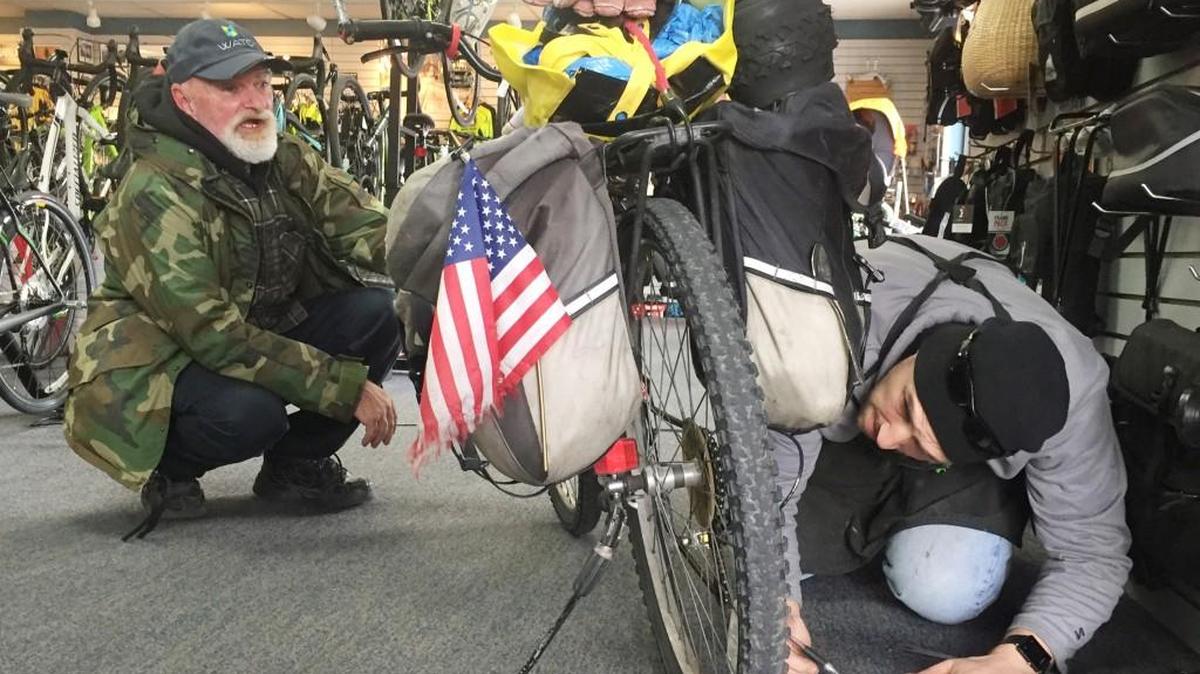 Stirred by the story of how Keith Callison, left, rode his bike from California to look for work, people like Aaron North, service manager at The Bike Pedaler on Rock Road, have been offering him help.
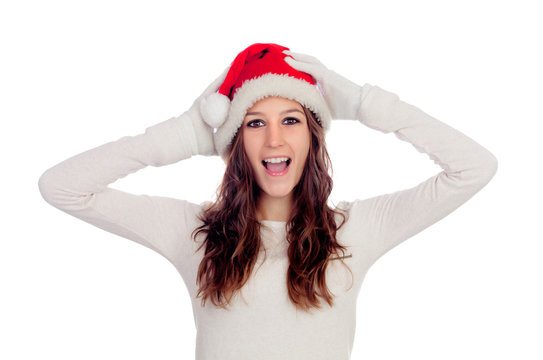 Surprised casual girl with Christmas hat
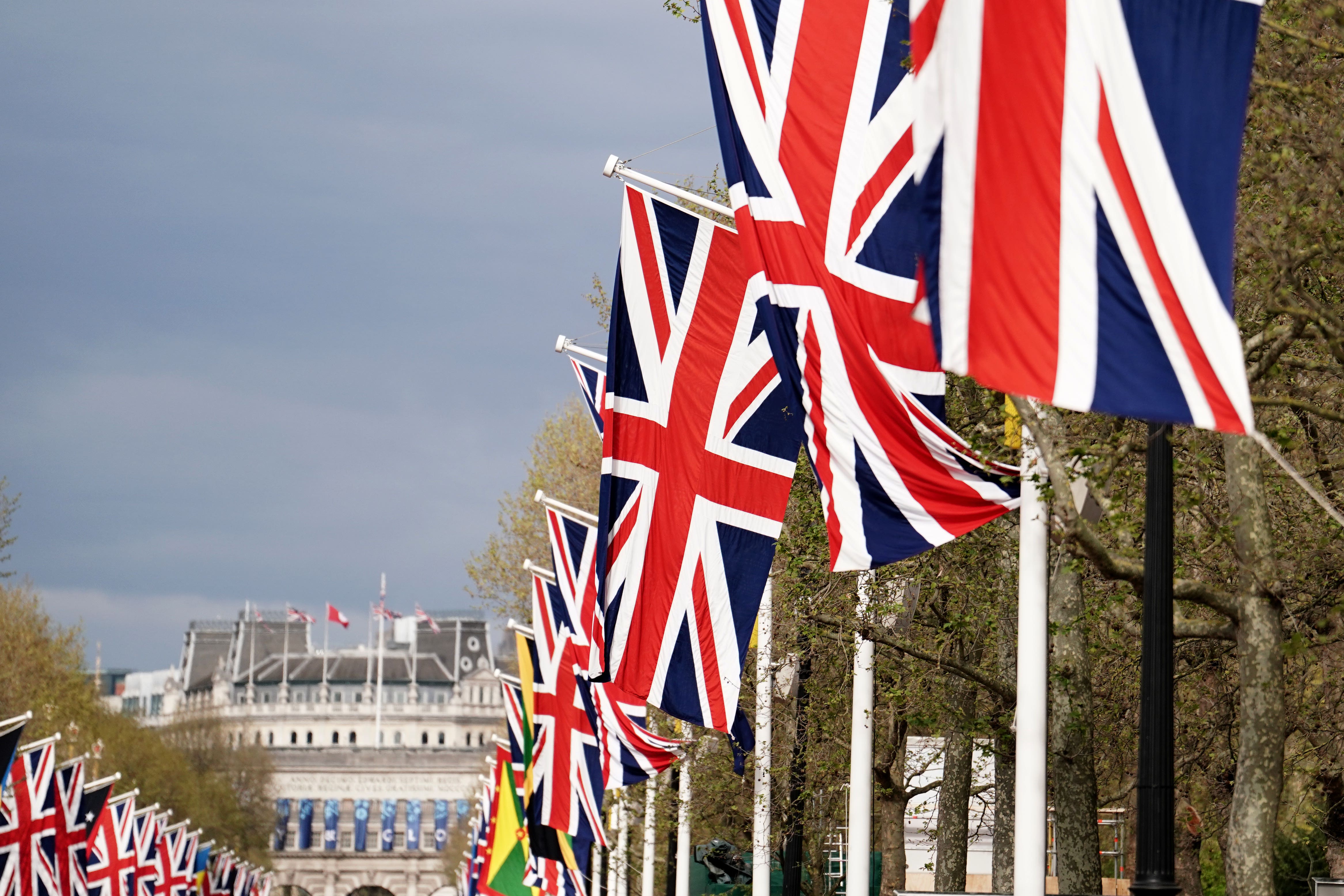 Pall Mall leading up to Buckingham Palace is already buzzing with excitement as people set up tents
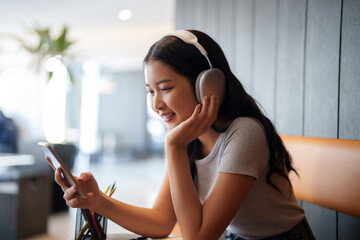 Asian teenage student woman wearing headphone to listening music and surfing social media on smartphone for relaxation after studying and learning education knowledge for preparing test exam in cafe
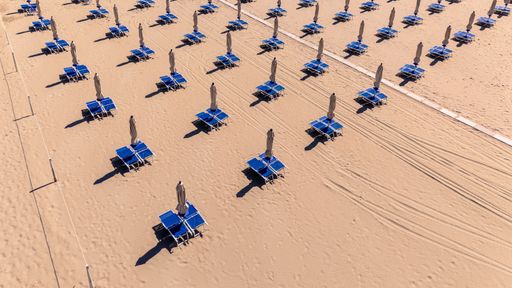 Sun loungers and umbrellas set up on an Italian beach in early June 2025, awaiting the start of the summer season.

##########

Task: Please write out, word for word, only the lines from the one holding "Pall Mall leading" through the end of the records above, with both end lines included and the pictures dropped.

Solution:
 Pall Mall leading up to Buckingham Palace is already buzzing with excitement as people set up tents
 Asian teenage student woman wearing headphone to listening music and surfing social media on smartphone for relaxation after studying and learning education knowledge for preparing test exam in cafe
 Sun loungers and umbrellas set up on an Italian beach in early June 2025, awaiting the start of the summer season.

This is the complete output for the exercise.